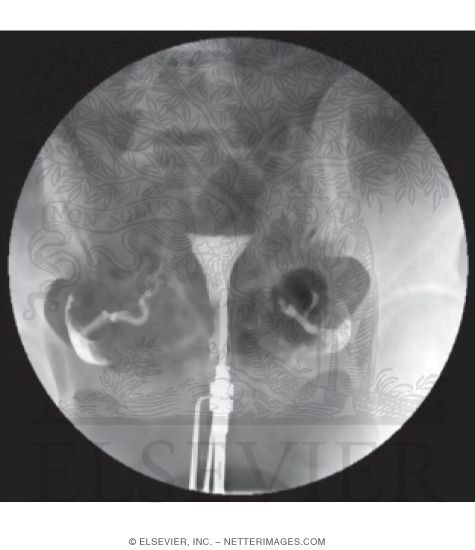 Hysterosalpingogram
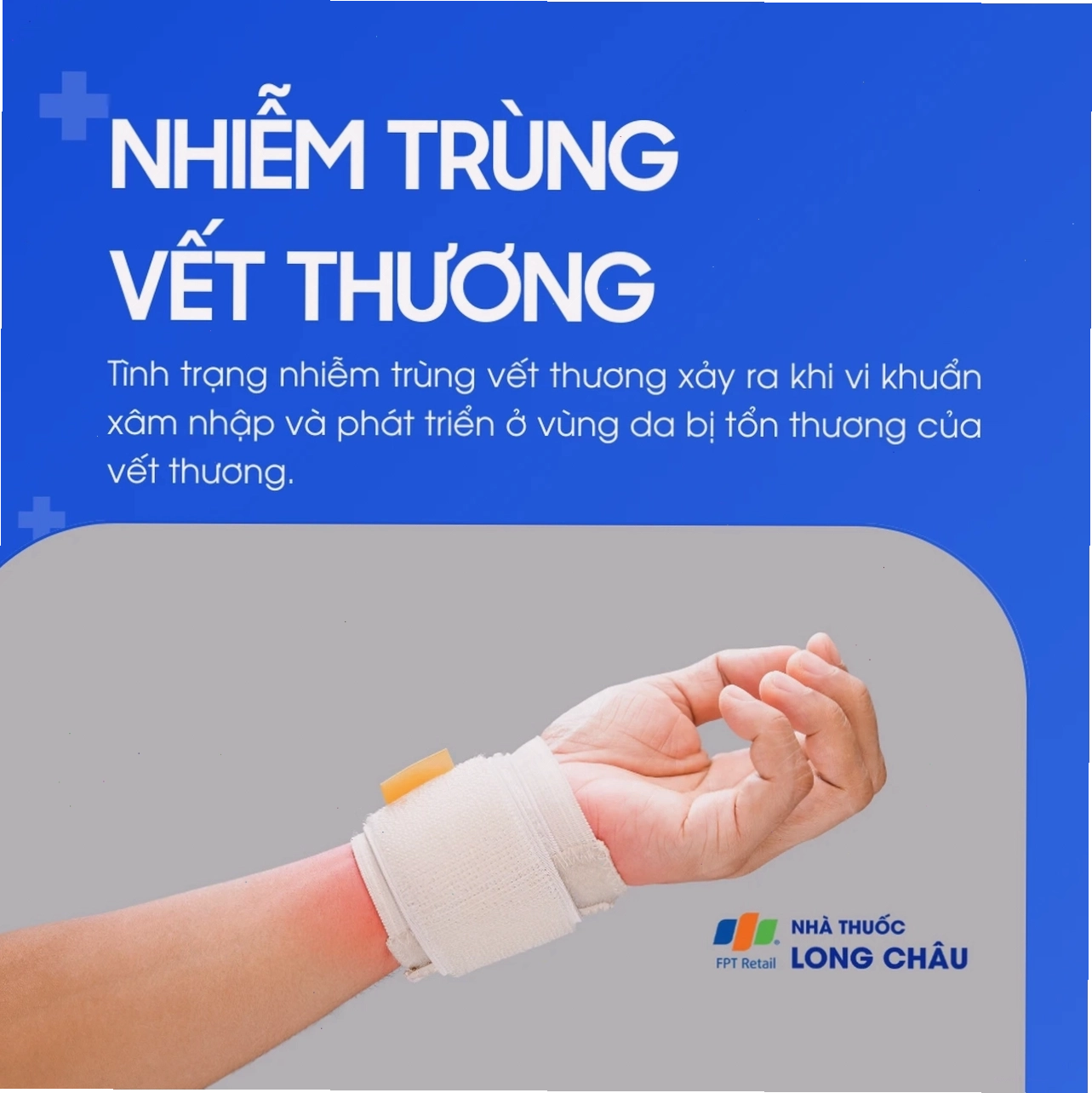 Vết thương bị nhiễm trùng có biểu hiện sưng đỏ và chảy mủ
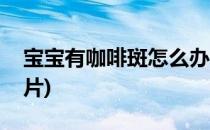 宝宝有咖啡斑怎么办(宝宝有咖啡斑怎么办图片)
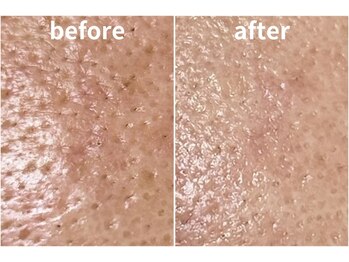 ラティエル(Latiele)/透明肌パックbefore after
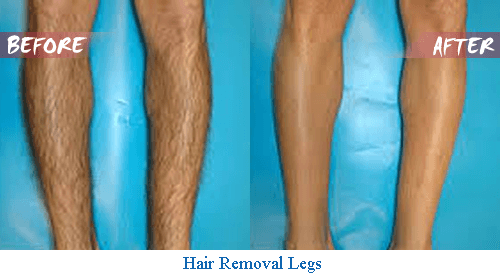 diode laser hair removal on legs before and after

▶ Exercise description: Would you please copy the material exactly, leaving all the pictures out?

▶ Solved exercise:
 Hysterosalpingogram
 Vết thương bị nhiễm trùng có biểu hiện sưng đỏ và chảy mủ
 宝宝有咖啡斑怎么办(宝宝有咖啡斑怎么办图片)
 ラティエル(Latiele)/透明肌パックbefore after
 diode laser hair removal on legs before and after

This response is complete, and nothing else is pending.